Kantor berita Korea Selatan Yonhap melaporkan bahwa pengadilan mengakui bahwa sulit untuk mengakui serikat sesama jenis di bawah undang-undang pernikahan adat negara saat ini.
“Tetapi mereka yang berada dalam pernikahan sesama jenis pada dasarnya identik dengan mereka yang berada dalam pernikahan adat, kecuali bahwa mereka adalah homoseksual, mengingat bahwa mereka membentuk persatuan yang sangat identik berdasarkan kebutuhan emosional dan ekonomi serta tugas untuk mendukung dan setia kepada masing-masing. . ,” Yonhap mengutip pernyataan pengadilan.
Pencabutan asuransi perkawinan “memperkenalkan diskriminasi berdasarkan orientasi seksual dan bertentangan dengan tujuan tunjangan asuransi kesehatan negara,” kata pengadilan, menurut Yonhap.
“Harus diingat bahwa gagasan komunitas yang hidup menjadi berbeda dari masa lalu sesuai dengan perubahan waktu dan keadaan,” tambah pengadilan.
Menjadi bagian dari kelompok minoritas berarti berbeda dari mayoritas, tetapi bukan sesuatu yang secara inheren salah atau salah, kata pengadilan, menurut Yonhap.
Meskipun Korea Selatan masih memiliki “jalan panjang untuk mengakhiri diskriminasi … putusan ini menawarkan harapan bahwa prasangka dapat diatasi”, kata Boram Jang dari Amnesty International dalam sebuah pernyataan.
“Putusan ini penting sebagai keputusan pertama yang secara sah mengakui pasangan sesama jenis yang dibuat oleh pengadilan di tingkat mana pun di Korea Selatan,” kata Jang.
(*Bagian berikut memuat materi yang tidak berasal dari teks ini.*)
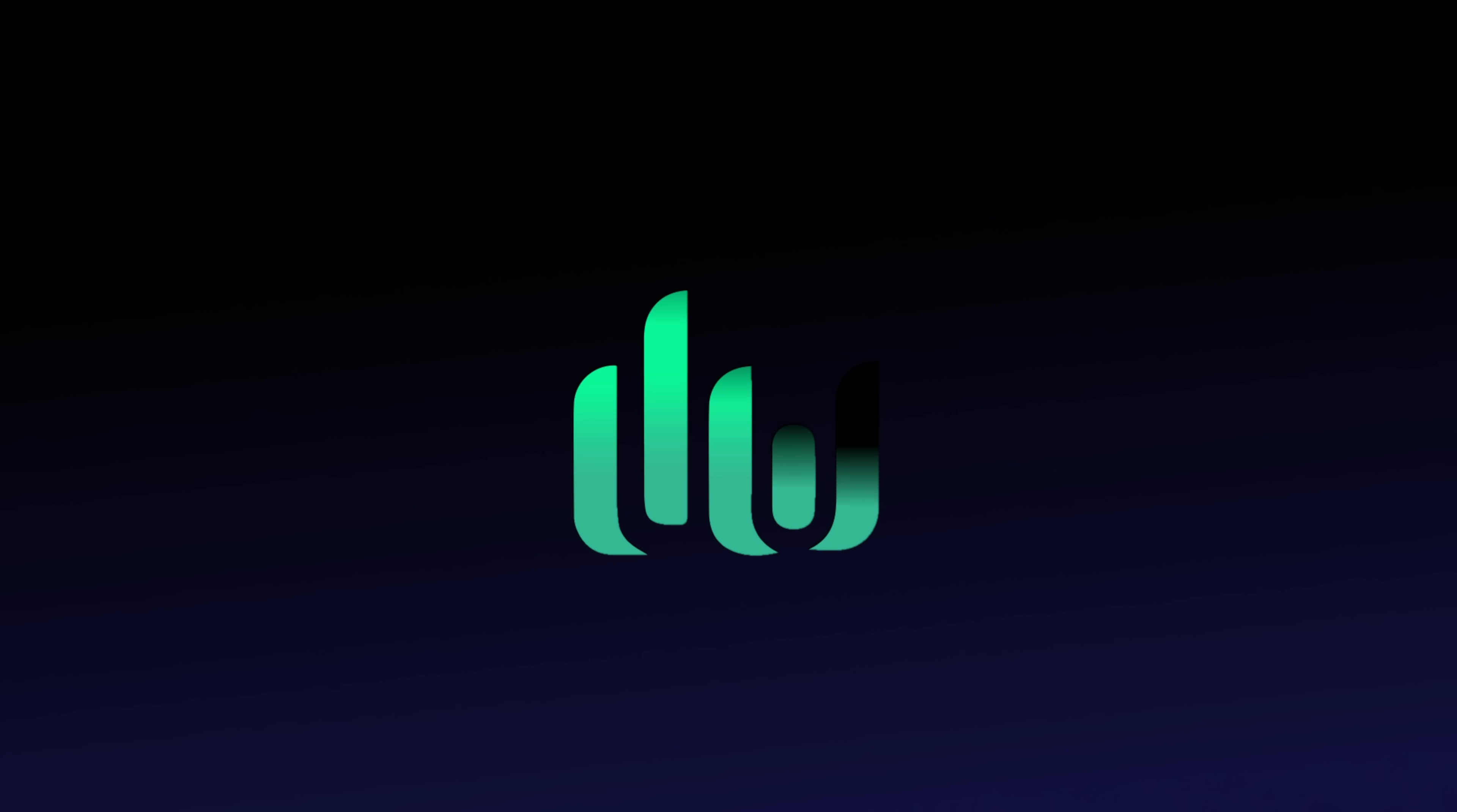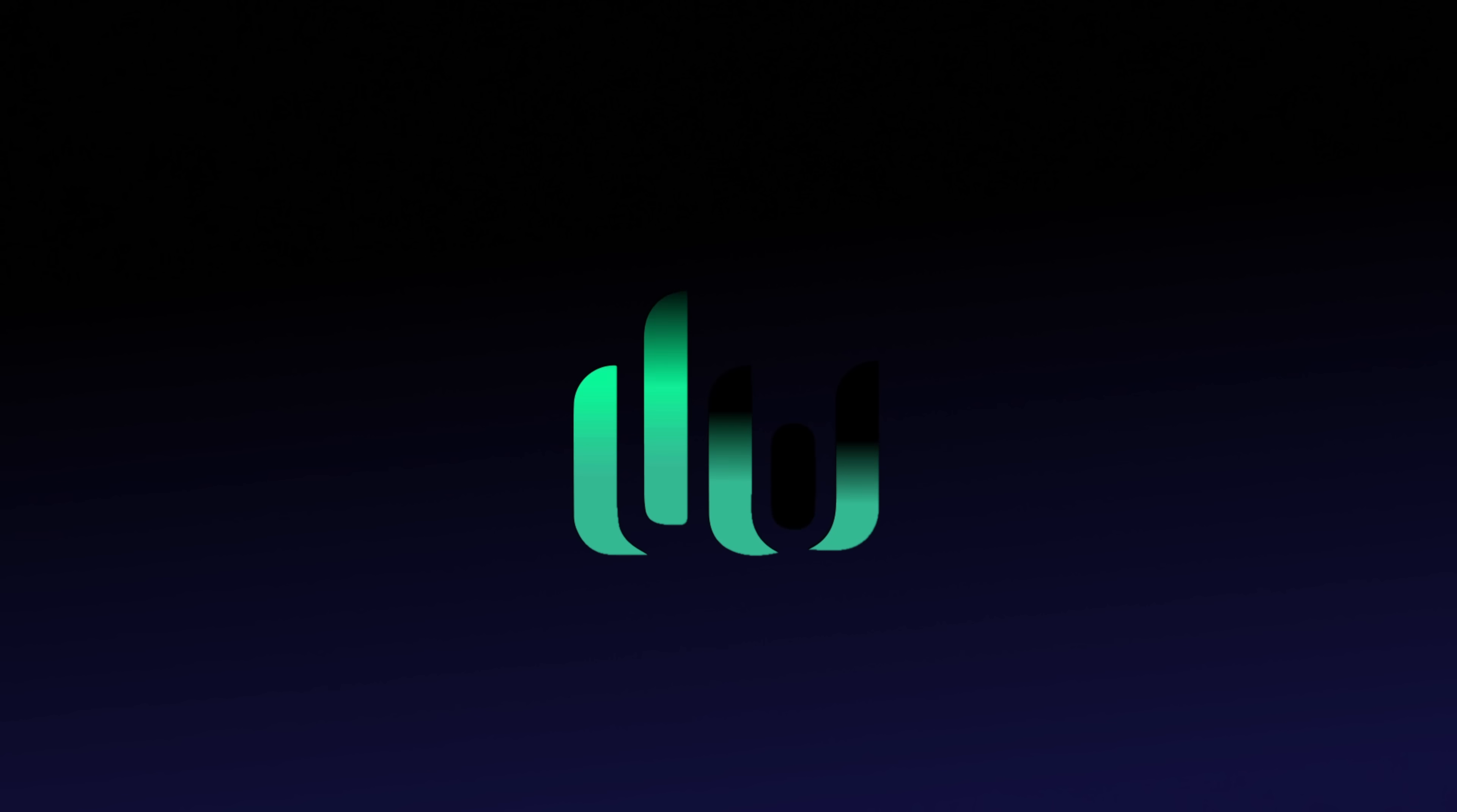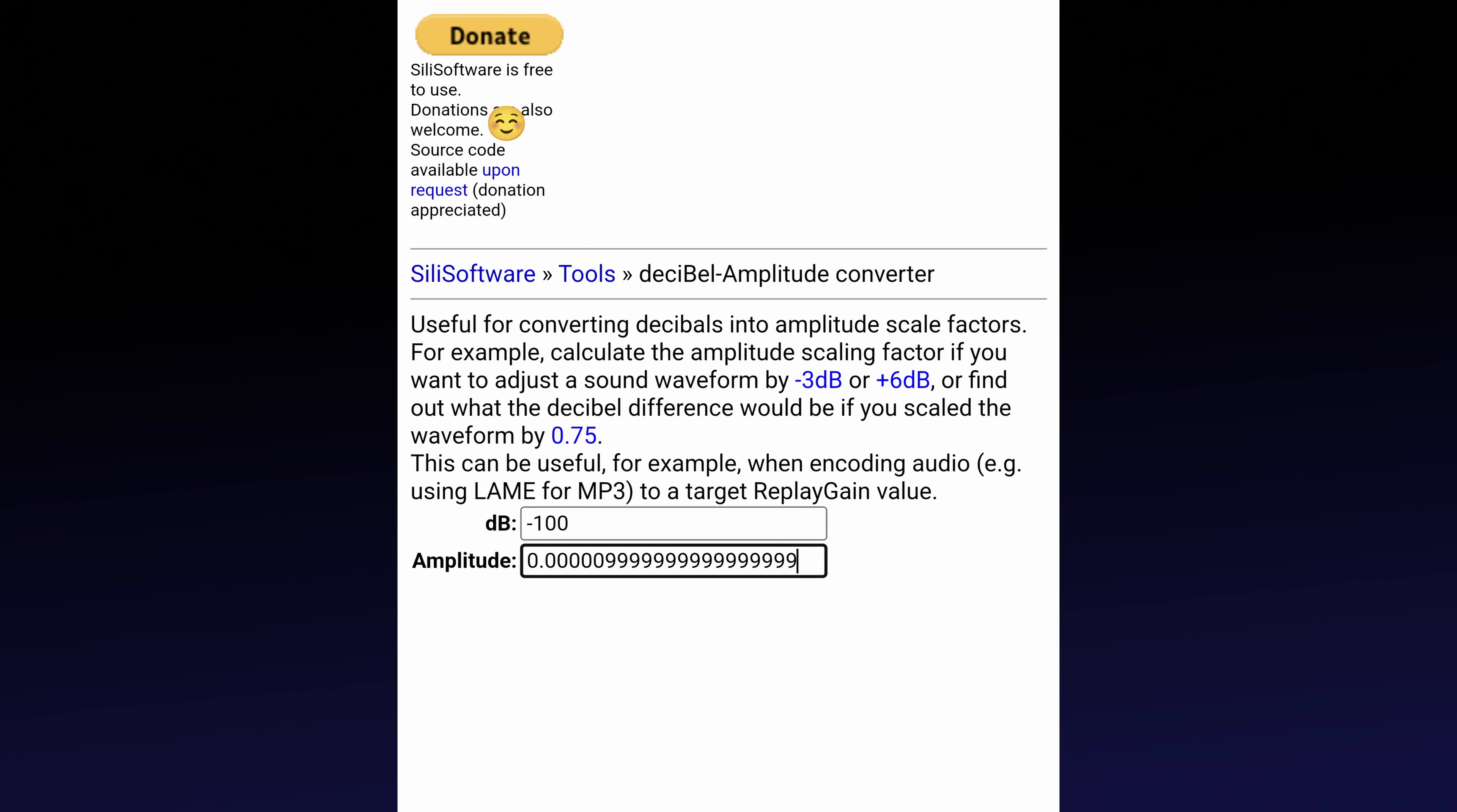Attenuating the water level by 6 dB would mean pouring half the water away, leaving you with 50% of the original contents. If we do the math, or pop the figures into this conversion site which I'll link below, turns out attenuating the water level by 100 dB would leave you with approximately 0.001% of the original content.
📢📢BREAKING: Mahkamah Agung Korea Selatan telah memerintahkan Layanan Asuransi Kesehatan Nasional negara tersebut untuk melanjutkan perlindungan bagi pasangan dalam hubungan sesama jenis. https://t.co/3sm76hTNBp
— amnestypress (@amnestypress) 21 Februari 2023
Sementara Korea Selatan tidak mengakui pernikahan sesama jenis, hubungan gay tidak dikriminalisasi. Orang LGBTQ cenderung hidup di bawah radar.
Aktivis telah lama menekankan perlunya undang-undang melawan diskriminasi berdasarkan orientasi seksual, dan undang-undang anti-diskriminasi yang banyak dibahas telah mendekam di parlemen Korea Selatan selama bertahun-tahun karena kurangnya konsensus di antara anggota parlemen.